**RECORDS TO USE:**
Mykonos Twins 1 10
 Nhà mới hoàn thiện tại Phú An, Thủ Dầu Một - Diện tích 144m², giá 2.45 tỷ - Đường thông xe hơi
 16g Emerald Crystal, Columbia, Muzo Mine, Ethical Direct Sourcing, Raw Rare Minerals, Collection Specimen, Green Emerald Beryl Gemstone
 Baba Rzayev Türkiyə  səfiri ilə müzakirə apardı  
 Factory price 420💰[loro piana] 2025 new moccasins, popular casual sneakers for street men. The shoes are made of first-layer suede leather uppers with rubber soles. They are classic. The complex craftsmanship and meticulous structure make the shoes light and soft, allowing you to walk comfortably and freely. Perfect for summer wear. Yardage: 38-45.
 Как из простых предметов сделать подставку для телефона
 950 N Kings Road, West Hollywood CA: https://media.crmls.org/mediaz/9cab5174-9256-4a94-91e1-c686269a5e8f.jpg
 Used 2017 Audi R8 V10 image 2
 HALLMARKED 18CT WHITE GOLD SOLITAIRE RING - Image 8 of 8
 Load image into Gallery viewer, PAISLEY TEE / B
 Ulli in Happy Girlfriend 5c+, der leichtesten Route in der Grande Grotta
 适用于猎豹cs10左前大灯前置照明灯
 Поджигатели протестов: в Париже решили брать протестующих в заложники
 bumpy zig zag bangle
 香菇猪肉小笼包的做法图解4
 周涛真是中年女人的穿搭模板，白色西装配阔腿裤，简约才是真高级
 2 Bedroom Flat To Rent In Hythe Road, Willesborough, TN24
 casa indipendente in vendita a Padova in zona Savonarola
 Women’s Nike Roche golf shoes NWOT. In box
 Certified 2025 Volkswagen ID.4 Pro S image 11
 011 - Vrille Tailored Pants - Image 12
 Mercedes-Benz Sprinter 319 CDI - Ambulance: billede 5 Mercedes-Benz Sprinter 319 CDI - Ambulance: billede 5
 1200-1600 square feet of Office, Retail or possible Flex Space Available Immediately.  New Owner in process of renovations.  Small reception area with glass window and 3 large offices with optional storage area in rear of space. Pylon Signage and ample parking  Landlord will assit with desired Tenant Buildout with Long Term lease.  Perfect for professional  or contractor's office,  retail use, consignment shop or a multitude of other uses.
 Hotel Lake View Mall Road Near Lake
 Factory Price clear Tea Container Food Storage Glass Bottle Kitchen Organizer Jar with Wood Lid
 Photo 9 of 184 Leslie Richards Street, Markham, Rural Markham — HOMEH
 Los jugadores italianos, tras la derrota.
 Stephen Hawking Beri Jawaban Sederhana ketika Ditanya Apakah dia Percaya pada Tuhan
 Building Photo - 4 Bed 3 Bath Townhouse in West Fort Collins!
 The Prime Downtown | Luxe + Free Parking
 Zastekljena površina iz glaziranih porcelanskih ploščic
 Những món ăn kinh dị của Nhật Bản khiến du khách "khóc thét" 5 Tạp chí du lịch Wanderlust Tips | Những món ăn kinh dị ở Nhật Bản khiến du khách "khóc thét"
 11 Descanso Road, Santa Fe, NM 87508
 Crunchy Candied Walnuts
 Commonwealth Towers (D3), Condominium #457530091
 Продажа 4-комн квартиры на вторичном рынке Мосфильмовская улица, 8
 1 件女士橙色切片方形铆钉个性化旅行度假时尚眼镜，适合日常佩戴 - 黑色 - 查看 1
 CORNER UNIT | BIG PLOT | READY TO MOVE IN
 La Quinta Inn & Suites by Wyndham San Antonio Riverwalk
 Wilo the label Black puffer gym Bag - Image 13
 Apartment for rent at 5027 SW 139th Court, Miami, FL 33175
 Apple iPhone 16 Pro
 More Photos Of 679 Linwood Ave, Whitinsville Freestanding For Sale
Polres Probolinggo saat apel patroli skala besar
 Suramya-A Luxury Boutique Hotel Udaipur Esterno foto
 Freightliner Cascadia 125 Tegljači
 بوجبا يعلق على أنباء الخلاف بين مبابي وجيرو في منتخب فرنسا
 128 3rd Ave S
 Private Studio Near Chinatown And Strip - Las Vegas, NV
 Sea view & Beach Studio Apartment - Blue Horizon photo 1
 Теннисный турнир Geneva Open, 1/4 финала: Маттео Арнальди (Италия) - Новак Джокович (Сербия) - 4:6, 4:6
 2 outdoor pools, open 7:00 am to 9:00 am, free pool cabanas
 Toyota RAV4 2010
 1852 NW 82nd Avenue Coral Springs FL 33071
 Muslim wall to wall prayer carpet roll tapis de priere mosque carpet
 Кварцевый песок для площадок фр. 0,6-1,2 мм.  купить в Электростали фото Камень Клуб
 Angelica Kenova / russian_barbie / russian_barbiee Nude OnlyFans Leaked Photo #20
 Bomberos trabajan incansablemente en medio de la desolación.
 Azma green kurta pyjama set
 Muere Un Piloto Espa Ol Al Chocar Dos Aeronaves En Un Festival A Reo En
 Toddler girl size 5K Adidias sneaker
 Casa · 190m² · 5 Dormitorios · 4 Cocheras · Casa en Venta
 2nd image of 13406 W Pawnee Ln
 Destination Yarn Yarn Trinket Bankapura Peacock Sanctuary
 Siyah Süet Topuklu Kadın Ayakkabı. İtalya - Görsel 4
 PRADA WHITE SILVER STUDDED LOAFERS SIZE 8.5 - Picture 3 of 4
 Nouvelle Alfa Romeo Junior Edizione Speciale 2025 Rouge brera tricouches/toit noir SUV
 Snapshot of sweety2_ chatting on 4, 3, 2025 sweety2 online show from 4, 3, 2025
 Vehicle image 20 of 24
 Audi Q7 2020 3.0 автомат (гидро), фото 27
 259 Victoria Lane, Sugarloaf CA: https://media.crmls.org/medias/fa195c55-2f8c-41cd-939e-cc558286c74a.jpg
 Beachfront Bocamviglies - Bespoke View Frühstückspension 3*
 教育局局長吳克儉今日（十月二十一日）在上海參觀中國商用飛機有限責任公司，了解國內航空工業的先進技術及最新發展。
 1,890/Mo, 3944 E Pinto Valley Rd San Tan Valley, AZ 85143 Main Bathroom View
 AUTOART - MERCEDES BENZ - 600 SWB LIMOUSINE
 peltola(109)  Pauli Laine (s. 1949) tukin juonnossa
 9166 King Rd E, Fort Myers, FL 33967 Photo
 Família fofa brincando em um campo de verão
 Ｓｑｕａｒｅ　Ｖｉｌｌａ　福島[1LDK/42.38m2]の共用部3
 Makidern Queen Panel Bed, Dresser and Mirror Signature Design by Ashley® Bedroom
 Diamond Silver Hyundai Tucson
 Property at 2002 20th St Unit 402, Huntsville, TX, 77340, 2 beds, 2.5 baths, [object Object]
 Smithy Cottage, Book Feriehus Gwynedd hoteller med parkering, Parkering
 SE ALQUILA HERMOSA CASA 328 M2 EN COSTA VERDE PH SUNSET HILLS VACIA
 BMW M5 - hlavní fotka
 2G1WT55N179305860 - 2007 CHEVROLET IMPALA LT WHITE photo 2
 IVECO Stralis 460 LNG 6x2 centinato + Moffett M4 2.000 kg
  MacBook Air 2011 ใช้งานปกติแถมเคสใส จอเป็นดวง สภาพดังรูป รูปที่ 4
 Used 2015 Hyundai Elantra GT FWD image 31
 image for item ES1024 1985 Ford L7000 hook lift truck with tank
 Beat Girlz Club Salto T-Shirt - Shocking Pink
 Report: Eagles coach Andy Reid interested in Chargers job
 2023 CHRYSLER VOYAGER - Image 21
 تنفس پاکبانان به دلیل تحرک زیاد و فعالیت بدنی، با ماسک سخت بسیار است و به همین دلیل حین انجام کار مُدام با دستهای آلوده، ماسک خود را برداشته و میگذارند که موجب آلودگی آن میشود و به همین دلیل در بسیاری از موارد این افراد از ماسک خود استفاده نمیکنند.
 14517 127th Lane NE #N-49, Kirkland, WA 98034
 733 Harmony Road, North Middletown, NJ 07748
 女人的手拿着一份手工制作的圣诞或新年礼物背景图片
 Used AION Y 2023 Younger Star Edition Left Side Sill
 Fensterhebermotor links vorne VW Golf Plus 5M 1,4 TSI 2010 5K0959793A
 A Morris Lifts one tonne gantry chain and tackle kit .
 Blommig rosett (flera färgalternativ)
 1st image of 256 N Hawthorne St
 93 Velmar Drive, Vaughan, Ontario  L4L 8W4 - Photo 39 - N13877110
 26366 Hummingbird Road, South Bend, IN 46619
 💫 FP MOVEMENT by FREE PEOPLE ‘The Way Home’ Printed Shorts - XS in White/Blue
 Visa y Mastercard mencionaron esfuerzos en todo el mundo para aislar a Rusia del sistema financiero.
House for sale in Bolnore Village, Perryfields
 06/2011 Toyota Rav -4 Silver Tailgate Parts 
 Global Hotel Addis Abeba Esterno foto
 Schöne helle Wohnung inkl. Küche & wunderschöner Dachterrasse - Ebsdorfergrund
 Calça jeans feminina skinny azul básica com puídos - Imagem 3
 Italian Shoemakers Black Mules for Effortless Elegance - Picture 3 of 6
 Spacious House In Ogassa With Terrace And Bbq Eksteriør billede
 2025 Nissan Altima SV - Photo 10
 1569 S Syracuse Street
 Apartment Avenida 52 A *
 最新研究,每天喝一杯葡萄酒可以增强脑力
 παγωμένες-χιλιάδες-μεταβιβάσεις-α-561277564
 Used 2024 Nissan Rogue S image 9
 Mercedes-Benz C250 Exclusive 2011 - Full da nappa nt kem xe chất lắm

**WHAT THE TASK REQUIRES:** After locating the line holding "2nd image of 13406 W Pawnee Ln" above, output exactly that line and every line after it through the line holding "Smithy Cottage, Book". Include nothing else.

**FINAL ANSWER:**
 2nd image of 13406 W Pawnee Ln
 Destination Yarn Yarn Trinket Bankapura Peacock Sanctuary
 Siyah Süet Topuklu Kadın Ayakkabı. İtalya - Görsel 4
 PRADA WHITE SILVER STUDDED LOAFERS SIZE 8.5 - Picture 3 of 4
 Nouvelle Alfa Romeo Junior Edizione Speciale 2025 Rouge brera tricouches/toit noir SUV
 Snapshot of sweety2_ chatting on 4, 3, 2025 sweety2 online show from 4, 3, 2025
 Vehicle image 20 of 24
 Audi Q7 2020 3.0 автомат (гидро), фото 27
 259 Victoria Lane, Sugarloaf CA: https://media.crmls.org/medias/fa195c55-2f8c-41cd-939e-cc558286c74a.jpg
 Beachfront Bocamviglies - Bespoke View Frühstückspension 3*
 教育局局長吳克儉今日（十月二十一日）在上海參觀中國商用飛機有限責任公司，了解國內航空工業的先進技術及最新發展。
 1,890/Mo, 3944 E Pinto Valley Rd San Tan Valley, AZ 85143 Main Bathroom View
 AUTOART - MERCEDES BENZ - 600 SWB LIMOUSINE
 peltola(109)  Pauli Laine (s. 1949) tukin juonnossa
 9166 King Rd E, Fort Myers, FL 33967 Photo
 Família fofa brincando em um campo de verão
 Ｓｑｕａｒｅ　Ｖｉｌｌａ　福島[1LDK/42.38m2]の共用部3
 Makidern Queen Panel Bed, Dresser and Mirror Signature Design by Ashley® Bedroom
 Diamond Silver Hyundai Tucson
 Property at 2002 20th St Unit 402, Huntsville, TX, 77340, 2 beds, 2.5 baths, [object Object]
 Smithy Cottage, Book Feriehus Gwynedd hoteller med parkering, Parkering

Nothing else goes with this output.